Teenagers can be volatile and dramatic as they navigate this complicated phase of life. They can also make impulsive decisions without considering the consequences. Unfortunately, this can lead to confrontational and possibly violent exchanges.
If someone accuses your child of assault or any other juvenile offense in Tennessee, consider the following suggestions.
Stay calm and don’t jump to conclusions
A parent’s first response to these allegations could be to get mad at the accuser or assume he or she is lying. However, know that there are (at least) two sides to every story. It is unlikely that you have all the details right now.
Before you start making any statements or definitive actions based on your assumptions, stop, take a deep breath and focus on getting more information before you do anything.
Talk to your child
Even if you are angry with your child, you should talk to them and get their side of the story. Tell them what you heard and allow them to give their version of events.
This conversation could leave you feeling even angrier, sad or scared for your child’s safety, but no matter how you might be feeling, try to focus on what you can do to take care of your child in this difficult time. You might look into counseling at school or rehabilitative services.

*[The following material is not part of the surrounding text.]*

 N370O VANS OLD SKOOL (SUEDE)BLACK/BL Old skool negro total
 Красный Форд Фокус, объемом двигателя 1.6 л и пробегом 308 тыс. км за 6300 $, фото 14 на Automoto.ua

You should also examine the legal options and possible outcomes of the situation.
Get the facts
One of the most upsetting aspects of knowing your child is accused of a crime is not knowing what exactly that means. Will he or she go to prison? Will he or she be able to go to college in the fall? How will we tell other people about what has happened? Are police officers going to come to my door and arrest my child?
Such unnerving questions can add to the fear of this situation, so parents would be wise to consult an attorney to discuss the case. An attorney can explain likely outcomes, the juvenile court system in Tennessee and what you can do to prevent additional factors from complicating the case.
By staying calm and gather information before you do anything definitive, you can find it is easier to see your next steps and manage the situation with your child.